The utility’s new guidelines will allow more photovoltaic systems to be installed in Oahu neighborhoods already heavily populated with solar panels.
The new guidelines will update interconnection rules put in place last fall, the Honolulu Star-Advertiser (https://bit.ly/1ihDgEd) reported.
The revised rules are an attempt by the utility to open up the grid without compromising safety or reliability, said Scott Seu, Hawaiian Electric’s vice president for energy resources.
“We wanted to define some options - what we call technical-mitigation options - to address a situation on a neighborhood circuit when there is so much energy being generated at certain times of the day by PV systems that electricity is actually flowing backwards into the substation,” Seu testified at a hearing held by the House Committee on Energy and Environmental Protection.
Power flows backward into a substation when there is more electricity being produced by rooftop photovoltaic systems in a particular neighborhood than the entire neighborhood is consuming.
Seu declined to discuss specifics of the new guidelines until they’re officially released.

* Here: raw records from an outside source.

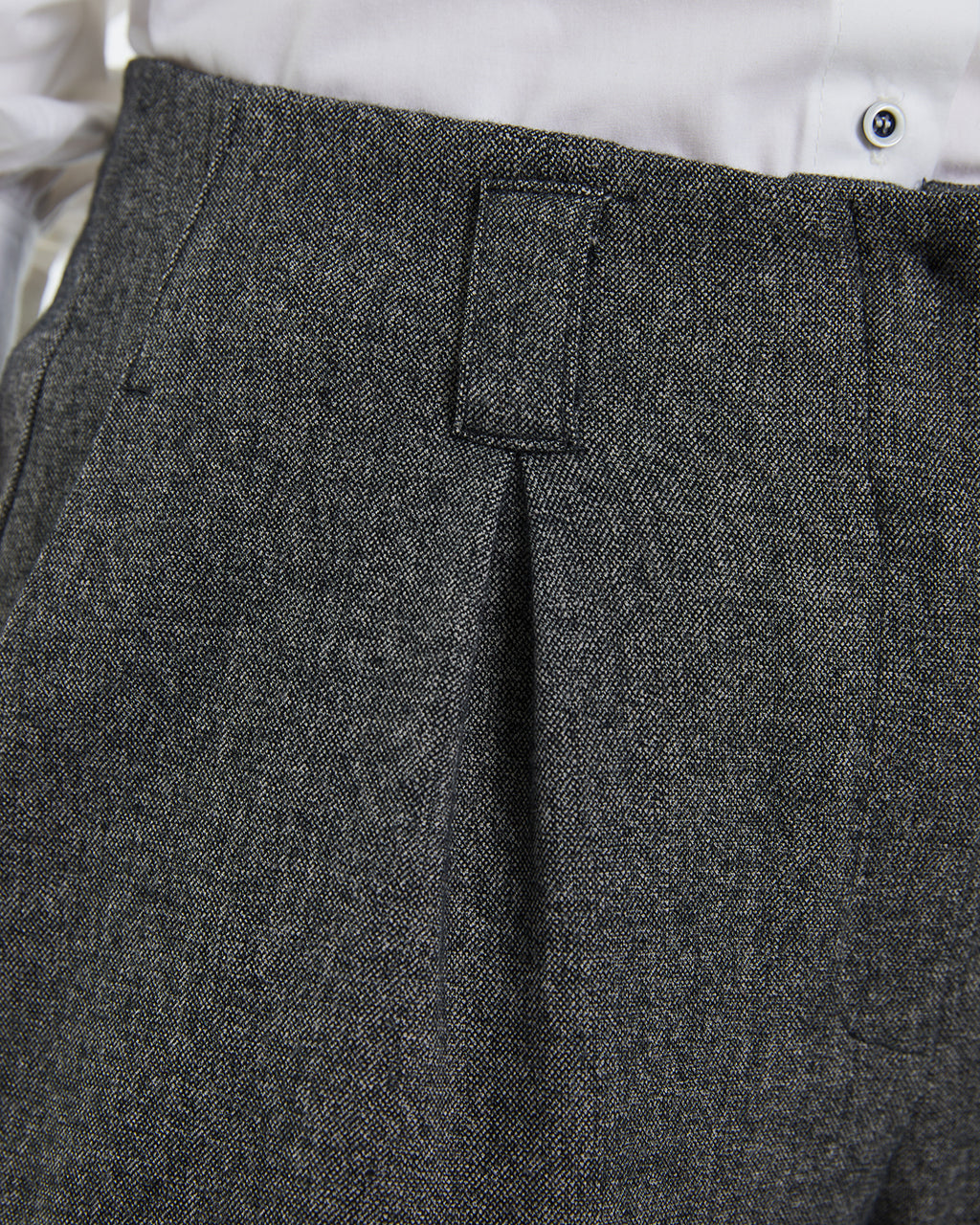 Weite Damenhose mit Bundfalten, hoher Taille.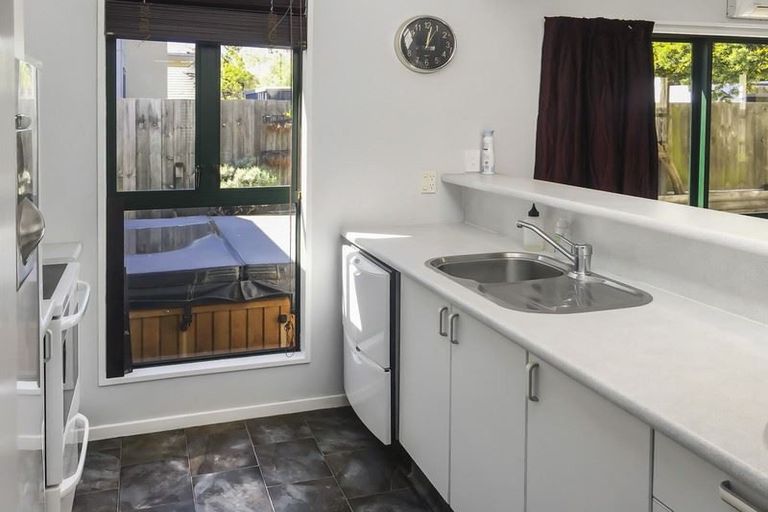 Photo of property in 2/106 Elizabeth Street, Riccarton, Christchurch, 8041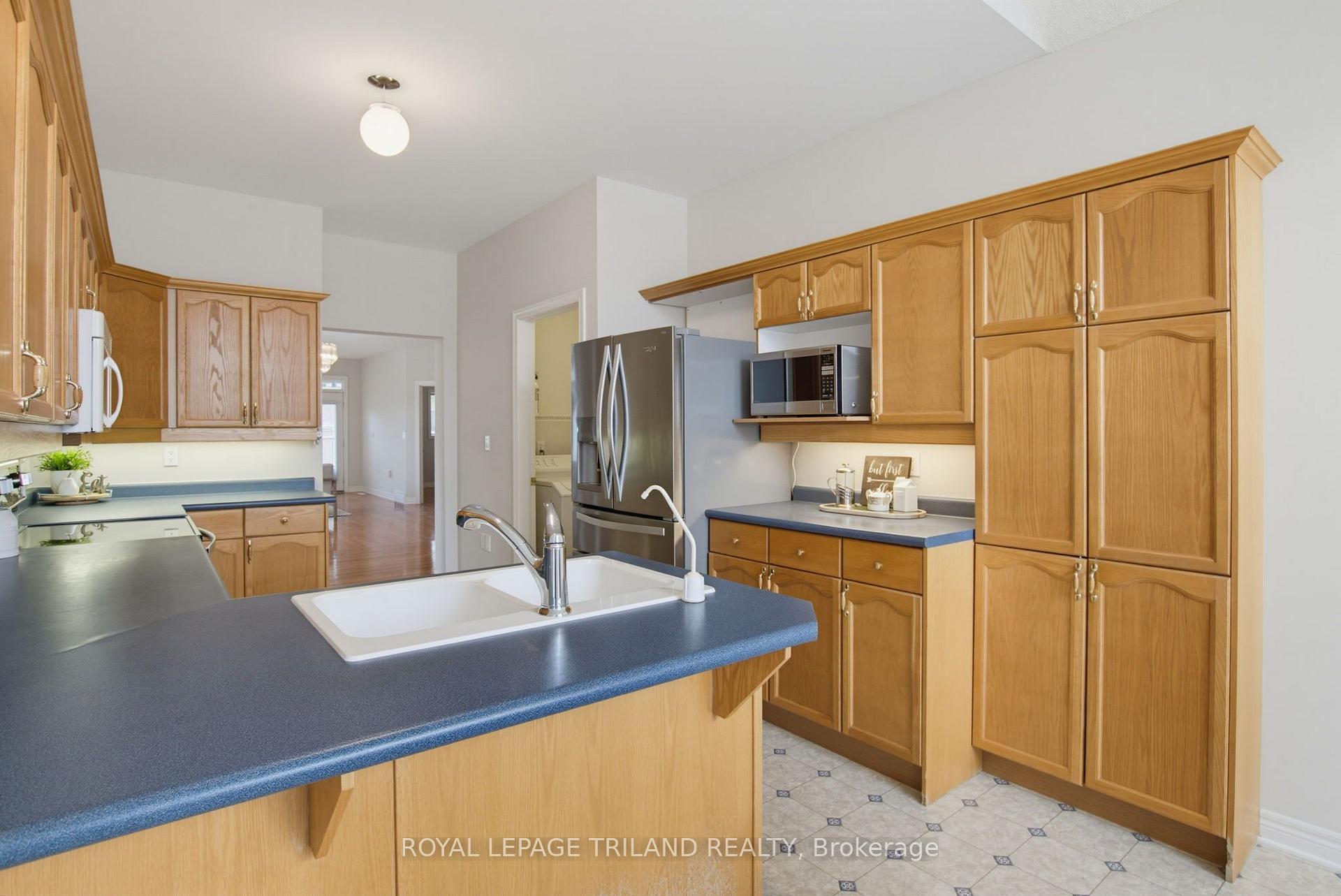 Photo 13 of Unit 233, 2025 Meadowgate Boulevard, London, South U — HOMEH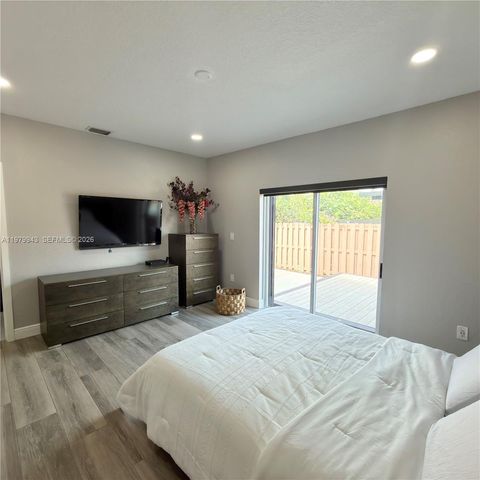 9023 NW 148th Ter, Miami Lakes, FL 33018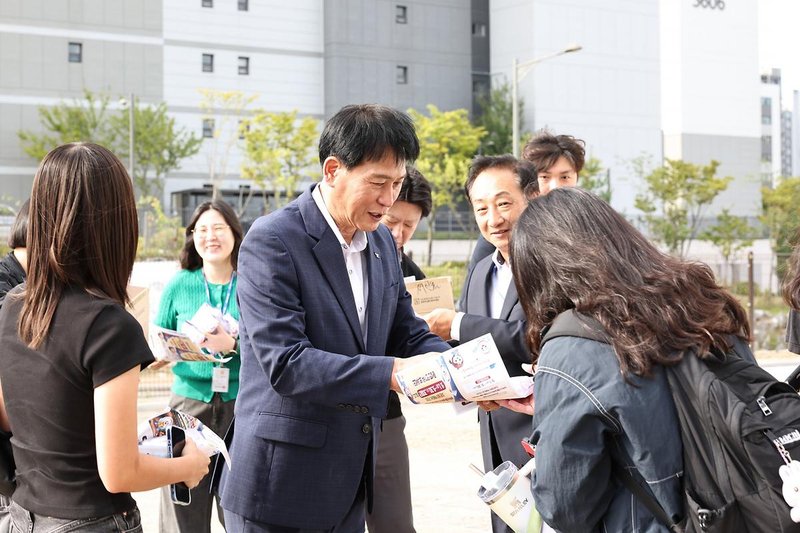 검단구 간부공직자들이 본청 출입문에서 출근하는 직원들에게 청렴 실천 안내문을 전달하고 있다.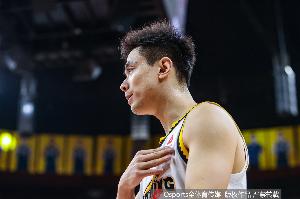 还不够！赵继伟半场替补11分钟 3中1&三分2中0拿到4分3助攻 配图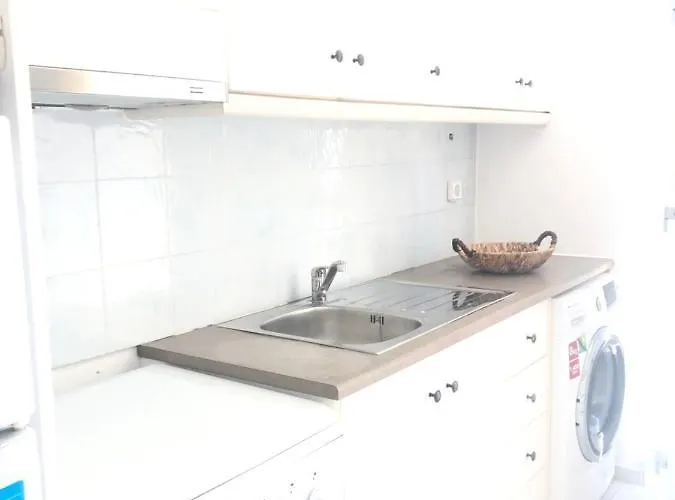 Ξενοδοχείο με διαμερίσματα Jonaz Suites *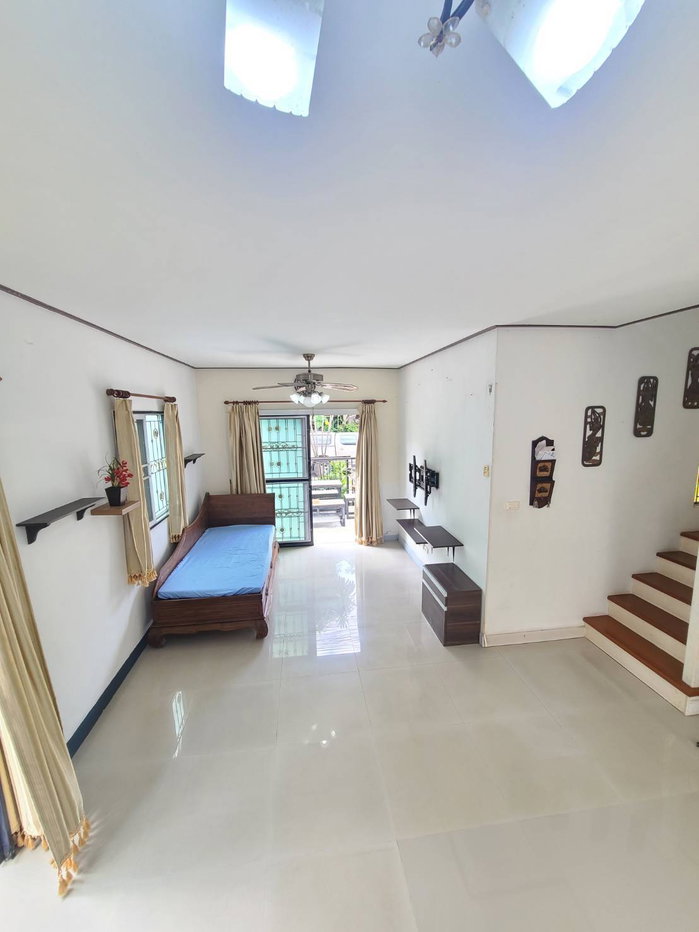 รูป ให้เช่าทาวน์เฮ้าส์ย่านมีนบุรี  10,000 บาท - รูปที่ 2/9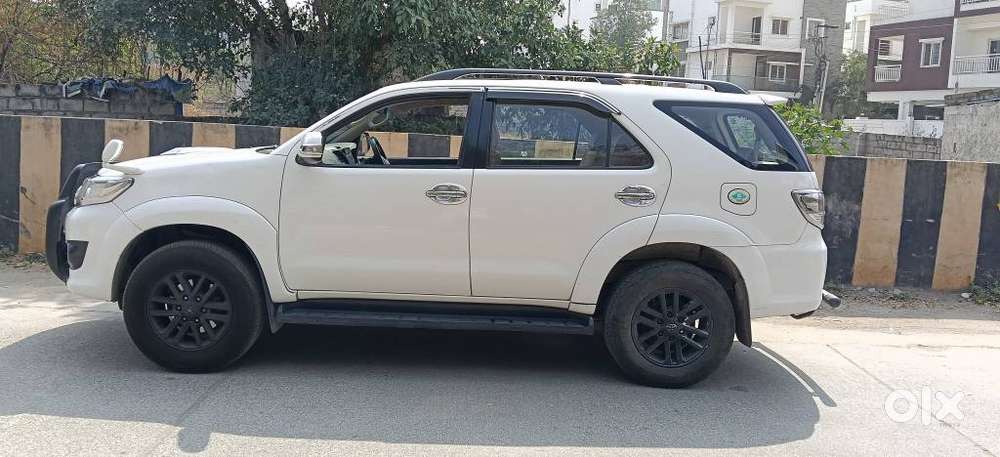 Toyota Fortuner 2011-2016 4x2 Manual, 2014, Diesel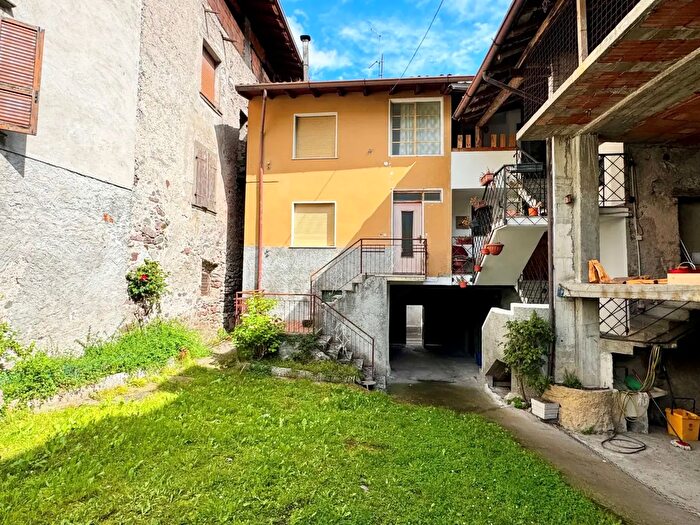 Casa con 5 locali in vendita in Gianico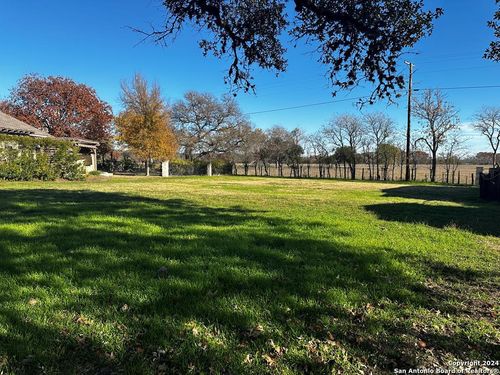 2848 Rock Barn Dr, Kerrville, TX, 78028-8054 | Card Image
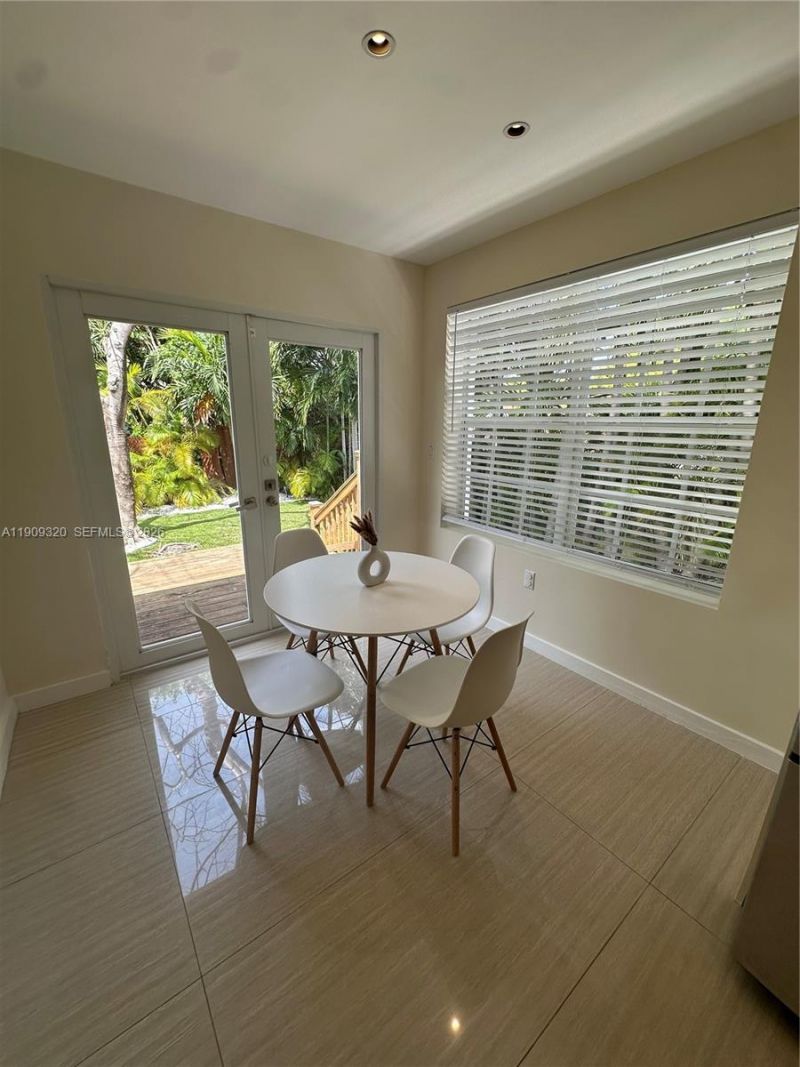 9464 Abbott Ave, Surfside, FL 33154 Photo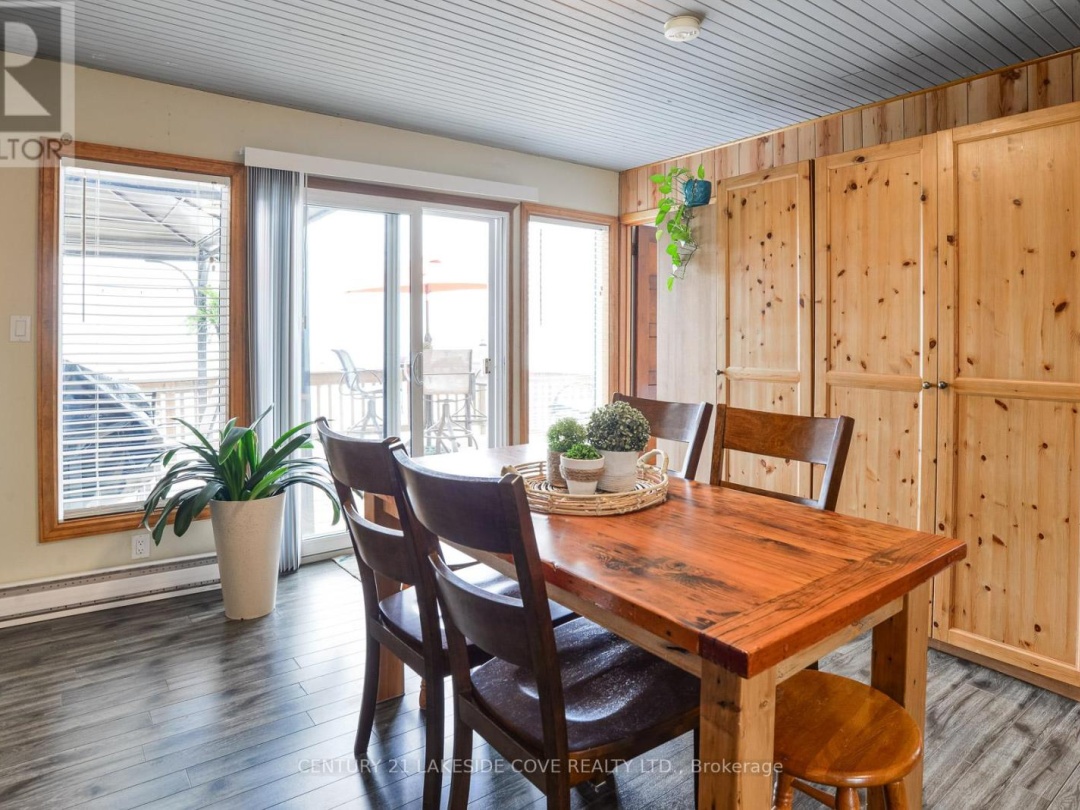 2730 LONE BIRCH TRAIL N, 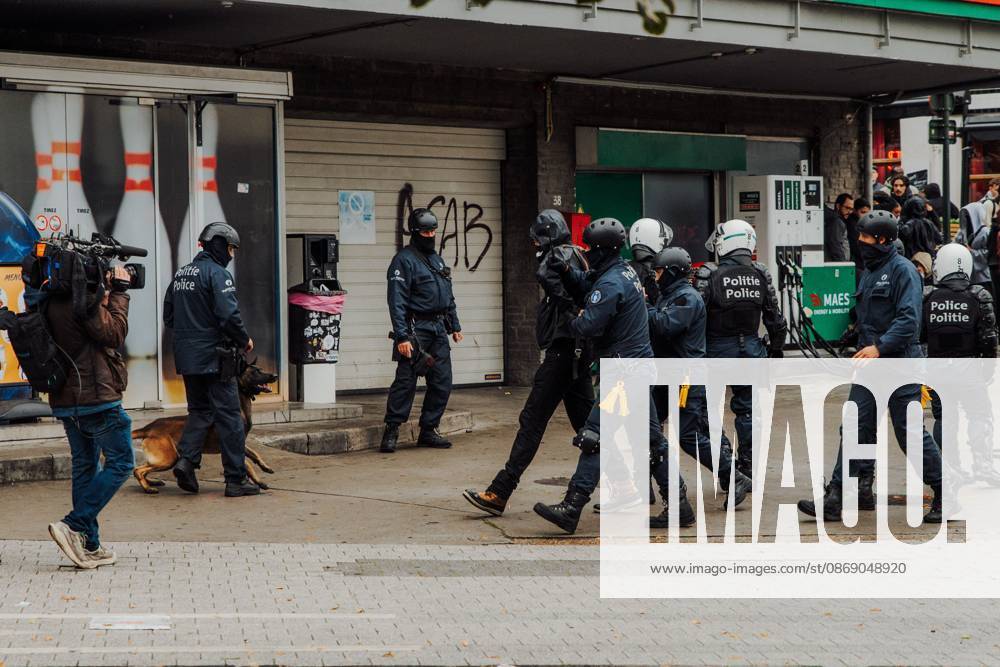 Protestors and riot police face off at a national manifestation against the Federal Government s budgetary measures, under the Keep your hands out of our pockets! (Blijf uit onze zakken! - Pas dans nos poches) moniker, organised by the trade unions on Friday 9 October 2026 in Brussels. EMILExWINDAL 189249726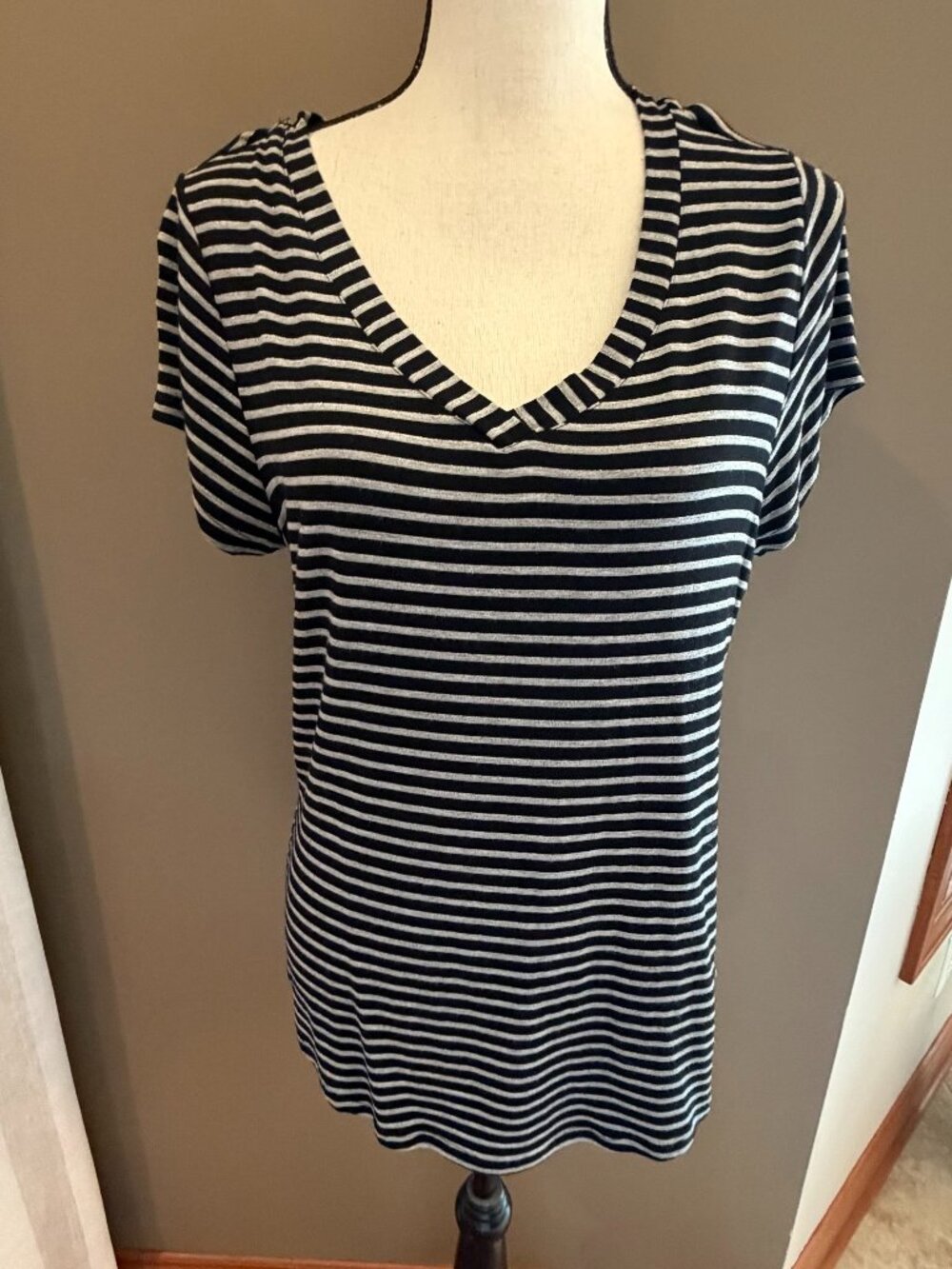 Cable & Gauge Black Gray Striped Metallic V-Neck Short Sleeve, Size Large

When Hawaiian Electric issued guidelines in September, 54 of its 416 circuits on Oahu had PV generation that was at or above 100 percent of daytime minimum load. Since then, the number of circuits at or above the threshold has grown to 105.
Solar-energy industry officials have criticized the old guidelines as being unnecessarily restrictive and leading to a sharp slowdown in photovoltaic panel installations. Building permits issued for photovoltaic systems fell on Oahu for eight straight months from May through December, according to data from the Honolulu Department of Planning and Permitting.